Después de haberle contratado, mi paso siguiente sería informar a Mira y a Frederik Roes de que quizá pudiera hacer algo por ellos. A continuación, tendría que concertar una cita con Kalman Teller para hablar de mis retribuciones y qué resultados tendrían que saldarse. No cure, no pay, pero ¿qué significaba cure en este caso? Sea como fuere, ninguna sentencia judicial a favor de Mira y Frederik Roes, pues eso era algo en lo que yo no podía ejercer ninguna influencia.
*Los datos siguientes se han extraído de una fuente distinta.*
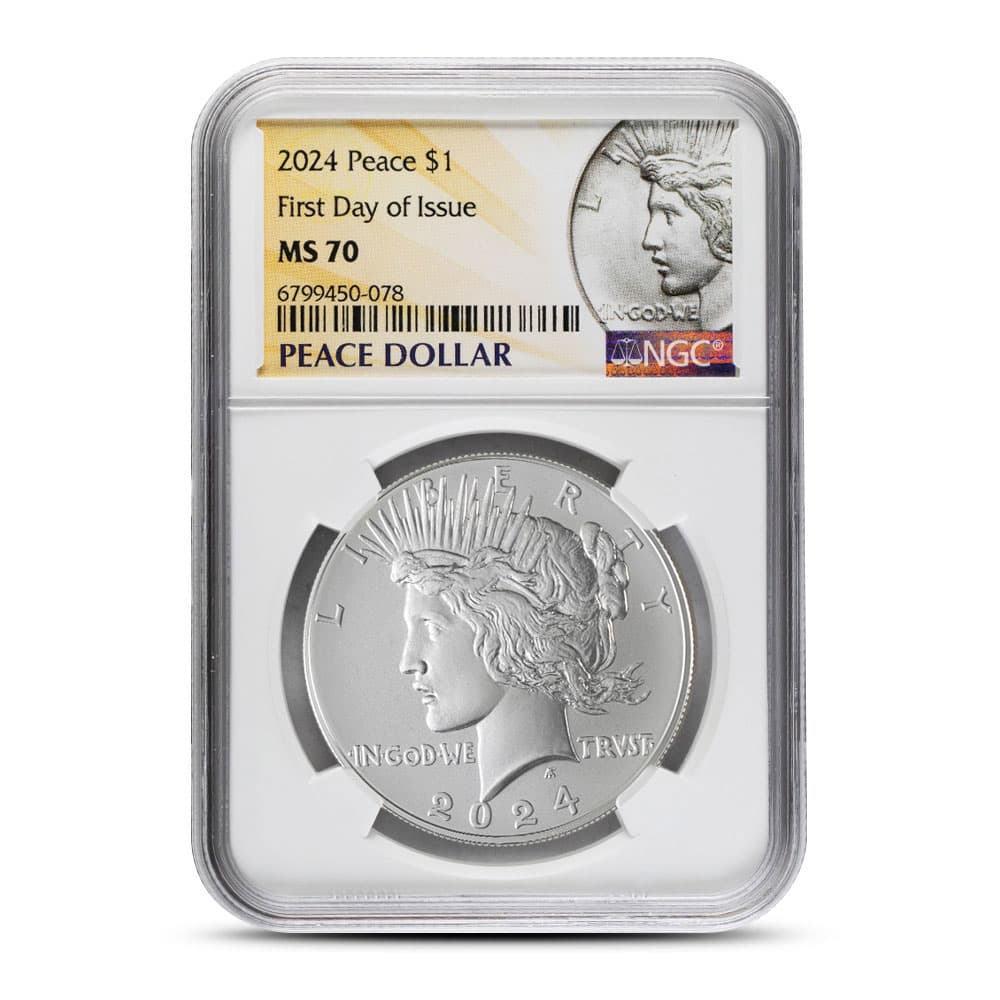 2024 Peace Silver Dollar Coin NGC MS70 FDOI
Kalman Teller tenía razón: si llegábamos a un acuerdo, volvería a tener un cliente judío. Después de Raw Leimann, el hombre de negocios que pasaba por encima de cadáveres para enriquecerse con los recursos minerales del Congo y que no se arredró a la hora de matar cuando estuvo en juego la vida de su hija. Después de Eva y Bernard Lisetsky, los herederos de una colección de arte legendaria que había desaparecido durante la Segunda Guerra Mundial, una colección valorada en decenas de millones, pero que ellos querían recuperar única y exclusivamente en recuerdo de su padre asesinado a palos y de su madre gaseada en la guerra. Ahora era el turno, por tanto, de Kalman Teller, un hombre del que apenas sabía nada pero cuya vida giraba a todas luces en torno al petróleo. Un hombre que llevaba encima la tragedia de que quien pensara en él no vería en primer lugar un rostro atractivo, sino unas manos deformes.